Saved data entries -

——————

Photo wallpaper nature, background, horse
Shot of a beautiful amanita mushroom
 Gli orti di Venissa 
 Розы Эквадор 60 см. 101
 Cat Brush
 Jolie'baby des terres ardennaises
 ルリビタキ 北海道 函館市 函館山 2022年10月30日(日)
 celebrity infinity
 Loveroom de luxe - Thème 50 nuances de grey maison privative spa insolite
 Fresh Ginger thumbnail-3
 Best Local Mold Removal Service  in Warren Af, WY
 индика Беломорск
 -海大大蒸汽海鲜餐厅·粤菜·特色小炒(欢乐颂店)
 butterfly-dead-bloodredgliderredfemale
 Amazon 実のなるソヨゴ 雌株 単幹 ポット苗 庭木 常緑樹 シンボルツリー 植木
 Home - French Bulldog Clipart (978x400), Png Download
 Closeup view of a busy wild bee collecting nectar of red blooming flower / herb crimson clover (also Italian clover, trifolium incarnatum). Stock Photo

——————

Problem requirements - Each of the records should be written out precisely as given.

Exercise answer -
Photo wallpaper nature, background, horse
Shot of a beautiful amanita mushroom
 Gli orti di Venissa 
 Розы Эквадор 60 см. 101
 Cat Brush
 Jolie'baby des terres ardennaises
 ルリビタキ 北海道 函館市 函館山 2022年10月30日(日)
 celebrity infinity
 Loveroom de luxe - Thème 50 nuances de grey maison privative spa insolite
 Fresh Ginger thumbnail-3
 Best Local Mold Removal Service  in Warren Af, WY
 индика Беломорск
 -海大大蒸汽海鲜餐厅·粤菜·特色小炒(欢乐颂店)
 butterfly-dead-bloodredgliderredfemale
 Amazon 実のなるソヨゴ 雌株 単幹 ポット苗 庭木 常緑樹 シンボルツリー 植木
 Home - French Bulldog Clipart (978x400), Png Download
 Closeup view of a busy wild bee collecting nectar of red blooming flower / herb crimson clover (also Italian clover, trifolium incarnatum). Stock Photo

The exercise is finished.